This is one of the most difficult aspects of a Pulp campaign to get right. To modern sensibilities, these attitudes are innocent at best, naive at worst; asking players to faithfully apply them amounts to asking them to “play stoopid – does ‘stoopid’ have two or three ‘ohs’?” (as one player once described it).
And to some extent, that player was right; as GMs we are committed to ensuring that victory is earned and not cheap, and that the characters will get themselves into tight spots and, in general, that life will be made as difficult as possible for them.
At the same time, this is such a hallmark of the genre that it cannot be left out.
The optimism is reflected on the way adventurers in the Pulps go about their business, which can be summarized as “Boots and all and we solve the problems as we go”. There is no situation too dangerous, no problem too difficult, no mountain too hard to climb, that it cannot be overcome by intelligently-directed action. It is reflected in the attitudes of ordinary people to the adventurers, brave souls who do what most men cannot, and walk calmly where others fear to tread. It permeates the background, and the inhabitants of the game world. And therefore it also has to permeate the personalities of the PCs – without diminishing the player’s control over their characters.
The only solution is for the GMs to give the players some room to exercise their cynicism, especially in terms of planning; and to ensure that if the players make honest efforts to find a solution to a challenge the GMs have posed in an adventure, a solution will be found. At the same time, they have to clamp down hard on excessive planning, and boneheaded moves. Action is not enough, it must be intelligently directed by the Players.
That is the compact that GMs must make with the players, and stick to: no matter how dark things get, and how improbable a victory may seem, there must always be a way to win, and if the players don’t find it, any intelligent attack on the problem will yield another solution. That’s not to say that everything the PCs will do will work, or even appear to work; one advantage that we have is that we can permit a temporary win by the Dark Side so long as it opens the door for the Men In White Hats to achieve the ultimate victory. There will always be a flaw in the other side’s planning or execution. It may not be easy, and it certainly won’t be assured of success; but if it fails, there will be another opportunity, and then still another. As long as they keep trying and don’t give up, we (as GMs) will keep throwing open windows of opportunity.
There’s Always Enough Money
Another concept of modern times that doesn’t translate to a Pulp Era is that there are limits to natural resources. There is always enough oil, there is always enough money, there is always enough of everything – unless it is important to the plot that there be a temporary shortage, of course.
It’s hard to get people to appreciate just how big a difference this makes unless they read fiction of the era.
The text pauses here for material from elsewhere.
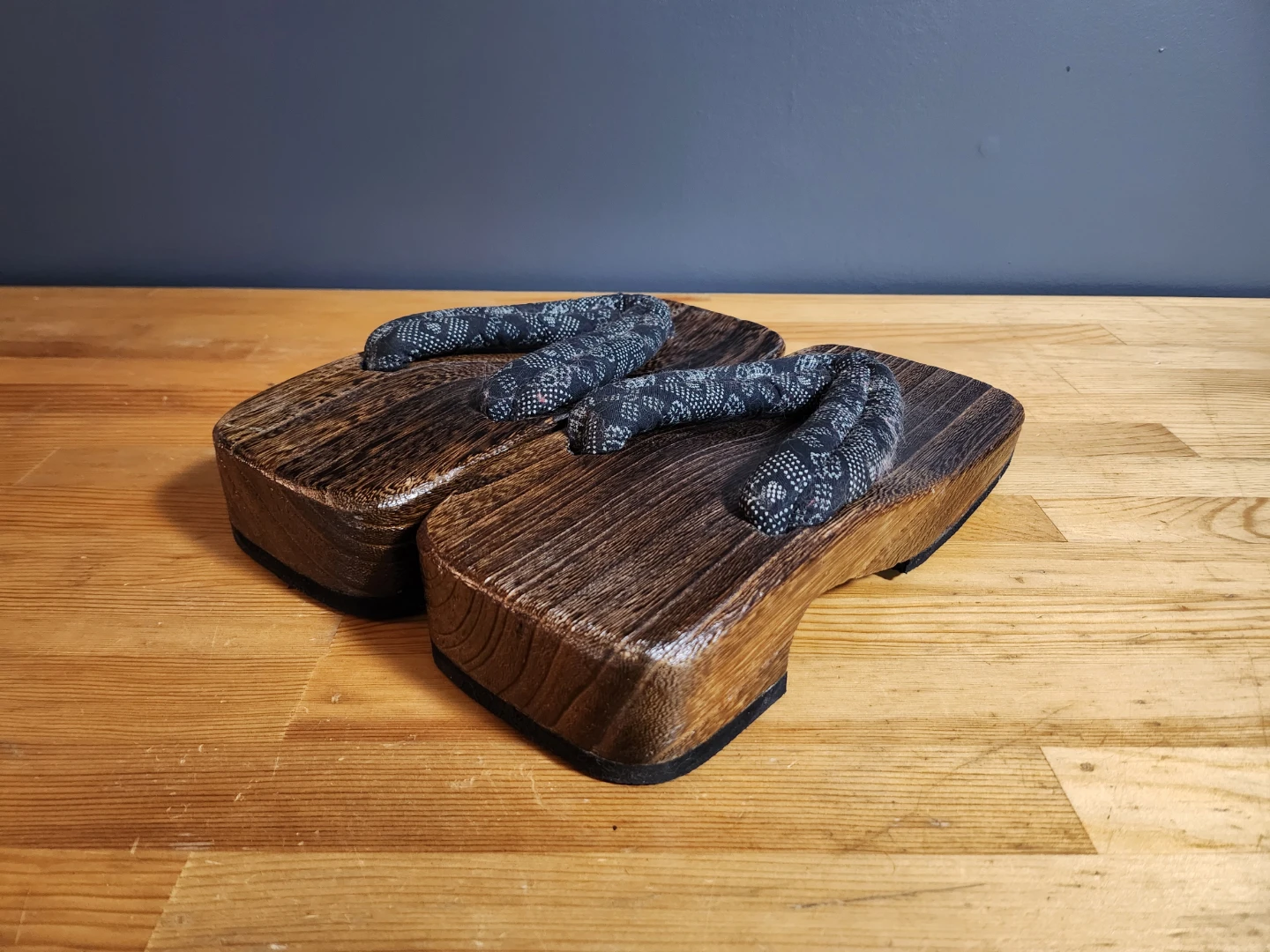 Japanese Wooden Geta Sandals with Black Pattern Straps 🏆 - photo 2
It flows through everything. Atomic Energy with minimal shielding can be used to power rockets, there is unlimited power to run cities, and when Atomic Energy is not enough there will be something else, and then something after that. A financial crisis like The Great Depression is due to mismanagement, or criminal greed, or both – because there is plenty for everyone, if they will only make the effort to go and get it.
Construction of a space ship, or the complete re-arming of a fleet with new armor or weapons, or whatever – the holdup is always the number of skilled men available to do the work, or the political will, or sabotage, or a shortfall in theory; it’s never a shortage of material (unless that’s a plot point) or a shortage of money (same caveat).
If money is short, that means that the characters have to find and convince a backer, or find out who has persuaded the banks not to trust them, or whatever else may be necessary to solve the problem. Similarly, if materials are not available, they have to convince the manager of the manufacturing plant to give them what they need, or raise more money to buy what they need, or find out who is working to derail the project – because there is always enough available.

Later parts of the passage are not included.